В квартире Лоскутовых я часто бывал в тридцать пятом году, после увольнения из редакции "Известий". Меня встречало искреннее сочувствие – самый редкий и драгоценный камень в эпоху мало-душия. Миша обладал тонким и сдержанным юмором – он вообще был очень сдержан. И не менее скромен. Но главной его чертой мне представлялась честность – бесстрашная, рыцарская, как у Гриши Баглюка.
Мы мало успели узнать Мишу – и совсем не знали Лену. Настоящая женщина обнаружилась в ней, когда пришел час испытаний.
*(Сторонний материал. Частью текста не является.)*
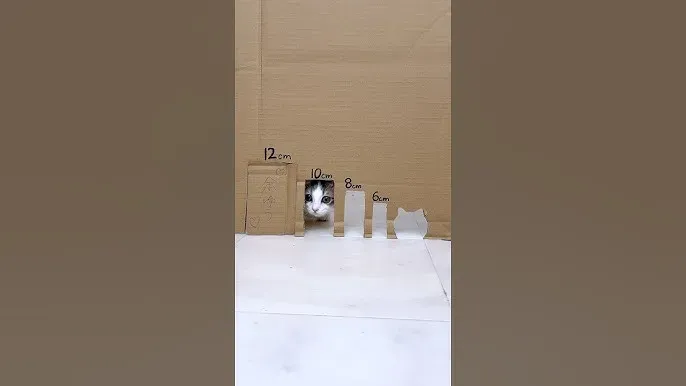 ブリーダーから「猫は液体」のようにしなやかな子猫を迎えるヒント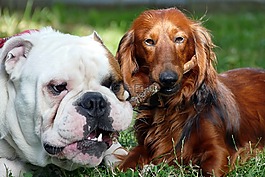 狗,英國斗牛犬,臘腸狗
Пришли с обыском, разворошили постель, – а у Лены ворочался ребенок под сердцем. Ей не дали ни одного свидания. Миша погиб, не успев увидеть своего ребенка. А дитя росло, оно превратилось в красивую женщину с печально-насмешливым выражением глаз, точно как у Миши. У нее уже свой ребенок. Если мальчику сумеют передать рыцарственное прямодушие Миши и мужество Лены, то больше ничего и не надо.
Между нашими женами и женами декабристов, которым Некрасов создал поэтический памятник, существенной разницы нет. Но есть позорное различие в том, какую нравственную поддержку получали те и эти. Теми общество восторгалось – этих не желало видеть. К тем открыто ездил Пушкин – этих в союзе писателей избегали. Тем удивлялись генерал-губернаторы – этих третировал вертухай, приставленный к нам при свидании. Тех завещал нам помнить Некрасов – этих стремятся забыть поэты.
Тетрадь восьмая
"Пестрые люди смотрели на это зрелище, плескали руками и вопили: «Да здравствуют ежовые рукавицы!»
Но История взглянула на дело иначе и втайне положила в сердце своем: годиков через сто я непременно все это
опишу".
44. Второй раз в Воркуту
В Бутырках мы сидели, пока не пришло указание, куда нас везти. Наконец, вызывают с вещами, запихивают в голубой ворон и везут. Выходим – на рельсах стоит длинный состав из столыпинских вагонов.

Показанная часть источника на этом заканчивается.